# WORK INSTRUCTIONS
Reproduce exactly only the lines from the line that holds "Camiseta de 'FIFA', MO Fashion Crudo - Kiabi" to the line that holds "[BUNJANG] Baekhyun Photobook / 백현 포토북", inclusive, in the listing below, and please leave out every picture.

-- EXERCISE MATERIALS follows --

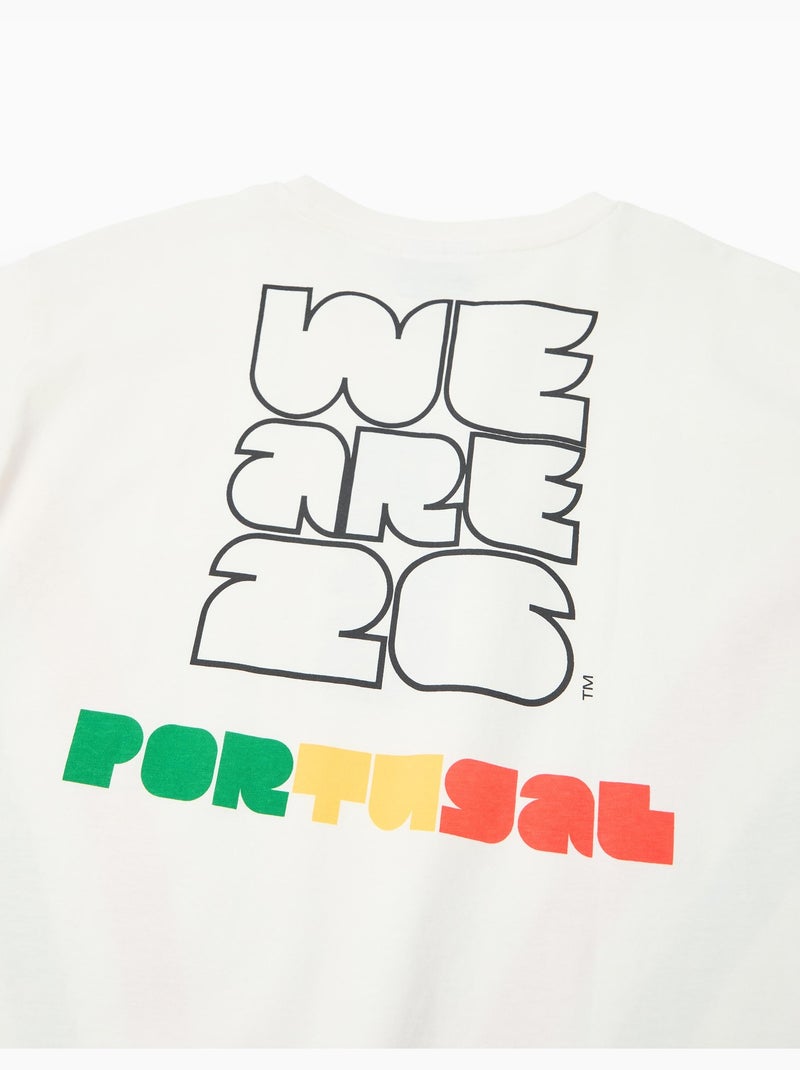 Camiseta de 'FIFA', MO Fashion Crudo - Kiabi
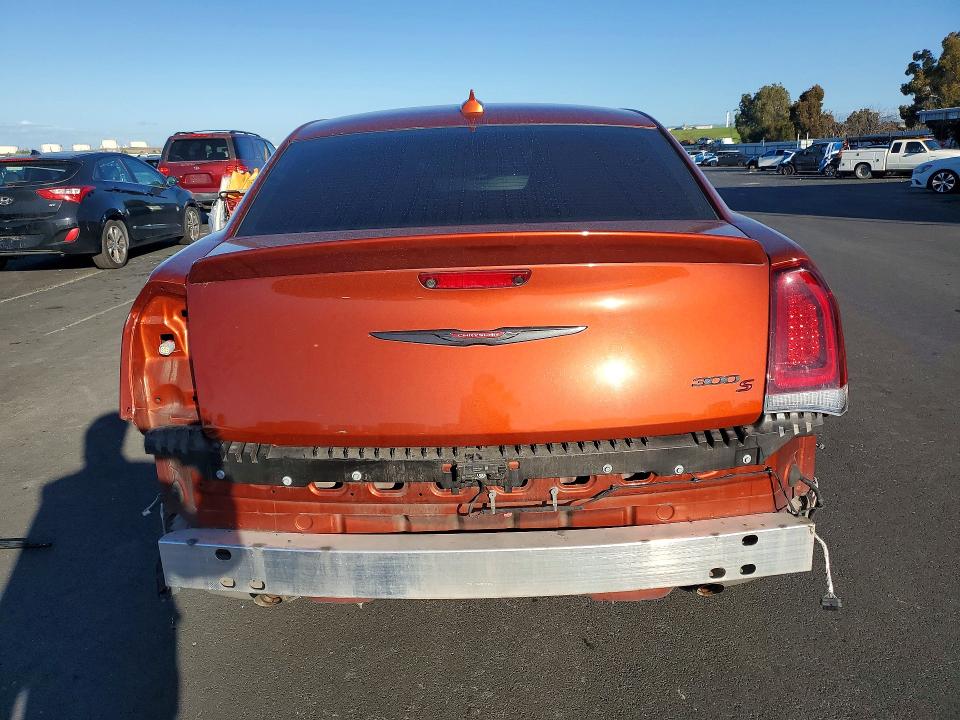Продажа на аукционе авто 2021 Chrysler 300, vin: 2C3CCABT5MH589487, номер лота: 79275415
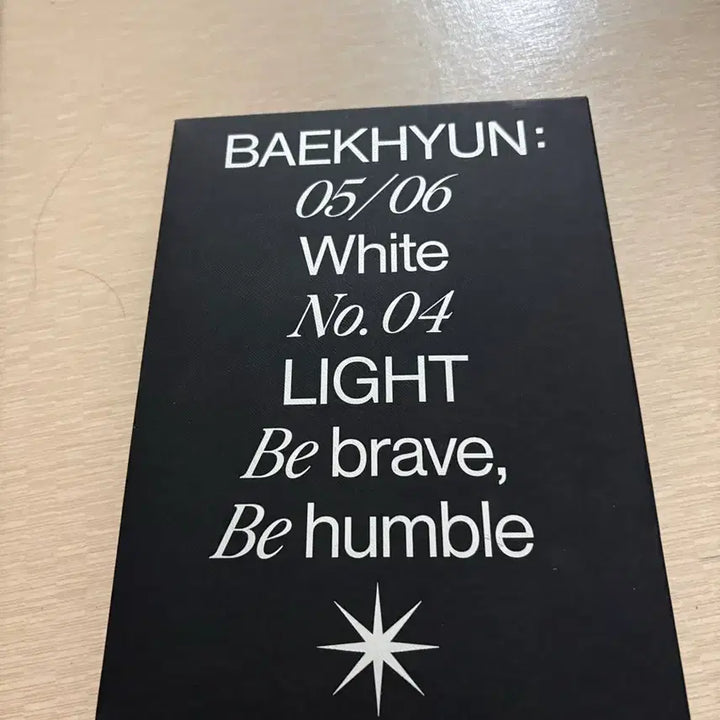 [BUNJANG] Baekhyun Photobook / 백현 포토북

-- EXERCISE MATERIALS concluded --
-- EXERCISE MATERIALS follows --

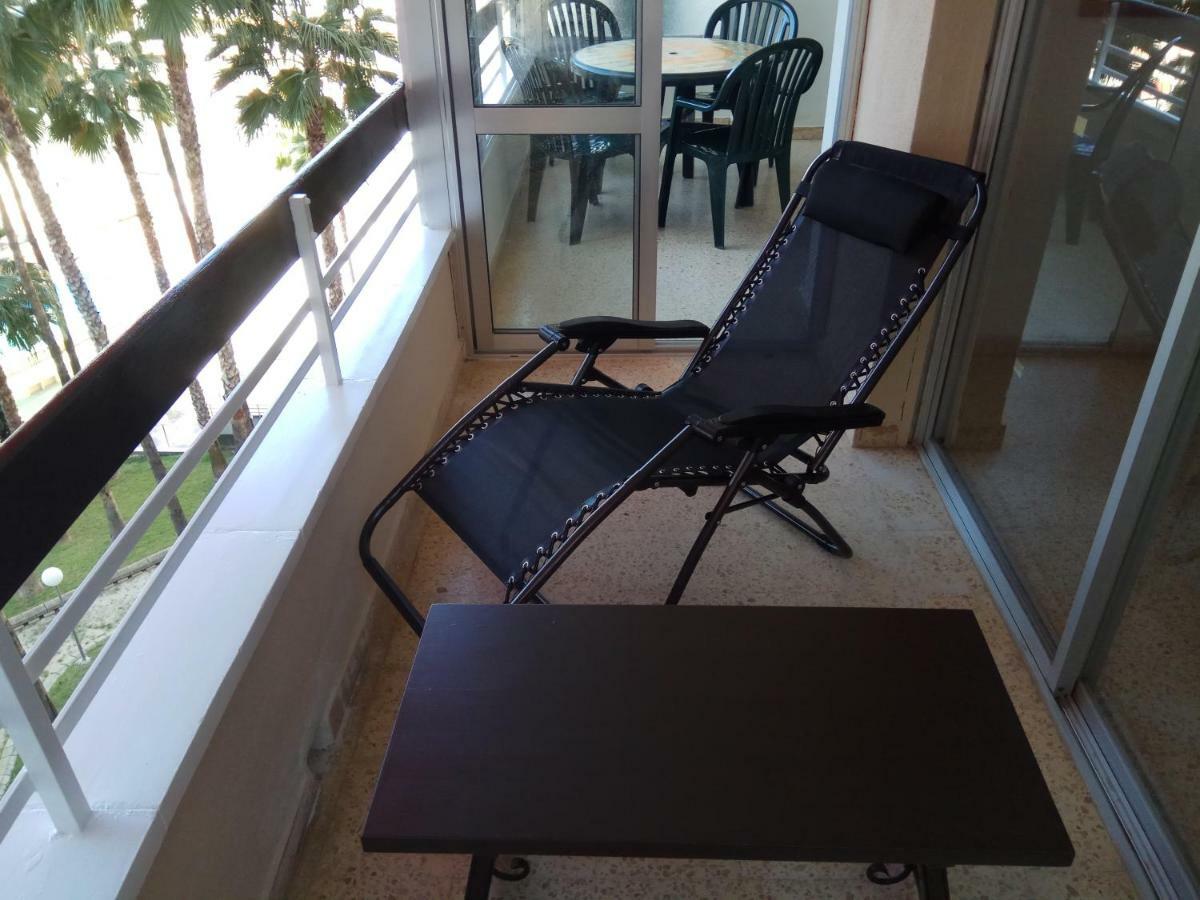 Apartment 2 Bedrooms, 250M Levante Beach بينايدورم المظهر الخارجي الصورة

-- EXERCISE MATERIALS concluded --
-- EXERCISE MATERIALS follows --

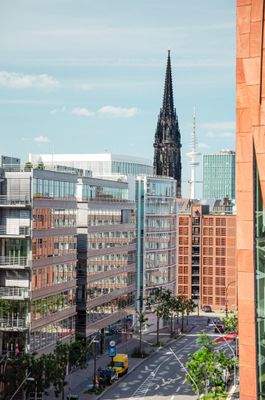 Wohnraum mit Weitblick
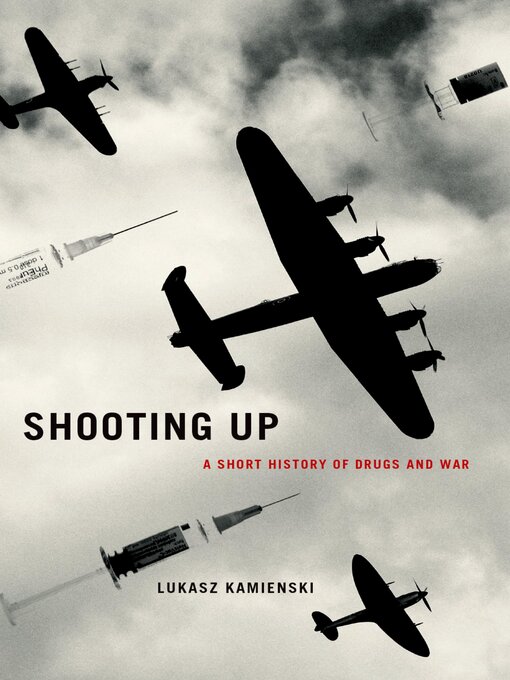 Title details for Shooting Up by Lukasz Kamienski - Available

-- EXERCISE MATERIALS concluded --

# EXERCISE OUTPUT
 Camiseta de 'FIFA', MO Fashion Crudo - Kiabi
Продажа на аукционе авто 2021 Chrysler 300, vin: 2C3CCABT5MH589487, номер лота: 79275415
 [BUNJANG] Baekhyun Photobook / 백현 포토북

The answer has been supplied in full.